Data for analysis
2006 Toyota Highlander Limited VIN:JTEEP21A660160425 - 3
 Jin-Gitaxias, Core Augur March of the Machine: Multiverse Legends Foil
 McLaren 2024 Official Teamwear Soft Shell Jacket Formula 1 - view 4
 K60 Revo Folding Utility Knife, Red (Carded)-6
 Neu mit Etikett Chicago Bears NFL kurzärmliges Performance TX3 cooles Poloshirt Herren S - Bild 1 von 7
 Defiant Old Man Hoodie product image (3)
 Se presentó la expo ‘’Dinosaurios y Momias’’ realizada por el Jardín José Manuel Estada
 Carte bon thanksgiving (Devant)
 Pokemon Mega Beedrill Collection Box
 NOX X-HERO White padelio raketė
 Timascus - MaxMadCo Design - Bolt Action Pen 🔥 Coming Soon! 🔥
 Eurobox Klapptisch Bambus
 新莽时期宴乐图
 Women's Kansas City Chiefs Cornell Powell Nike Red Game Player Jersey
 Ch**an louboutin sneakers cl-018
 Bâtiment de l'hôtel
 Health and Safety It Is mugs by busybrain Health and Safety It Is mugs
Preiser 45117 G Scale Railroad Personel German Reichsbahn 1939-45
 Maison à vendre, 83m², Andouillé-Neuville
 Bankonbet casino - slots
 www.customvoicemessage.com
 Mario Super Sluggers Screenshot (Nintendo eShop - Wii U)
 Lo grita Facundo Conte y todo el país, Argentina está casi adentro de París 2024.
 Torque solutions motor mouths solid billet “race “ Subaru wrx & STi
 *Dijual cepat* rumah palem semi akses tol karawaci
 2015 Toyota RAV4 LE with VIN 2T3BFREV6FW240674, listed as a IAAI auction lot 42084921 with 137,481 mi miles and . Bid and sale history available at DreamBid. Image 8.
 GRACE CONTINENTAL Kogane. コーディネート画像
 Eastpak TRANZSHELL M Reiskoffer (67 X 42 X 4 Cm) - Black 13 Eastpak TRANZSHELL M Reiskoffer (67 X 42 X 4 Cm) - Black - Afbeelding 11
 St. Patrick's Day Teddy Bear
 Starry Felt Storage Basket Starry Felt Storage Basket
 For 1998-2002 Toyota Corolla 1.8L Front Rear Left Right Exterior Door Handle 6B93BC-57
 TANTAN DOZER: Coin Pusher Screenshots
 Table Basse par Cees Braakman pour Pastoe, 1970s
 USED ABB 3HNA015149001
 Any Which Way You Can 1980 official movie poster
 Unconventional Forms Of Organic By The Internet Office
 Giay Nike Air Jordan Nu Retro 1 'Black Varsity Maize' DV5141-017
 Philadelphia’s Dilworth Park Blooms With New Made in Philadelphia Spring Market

Work item
Take every line from the records that holds "Black" and copy it down.

Response
 Eastpak TRANZSHELL M Reiskoffer (67 X 42 X 4 Cm) - Black 13 Eastpak TRANZSHELL M Reiskoffer (67 X 42 X 4 Cm) - Black - Afbeelding 11
 Giay Nike Air Jordan Nu Retro 1 'Black Varsity Maize' DV5141-017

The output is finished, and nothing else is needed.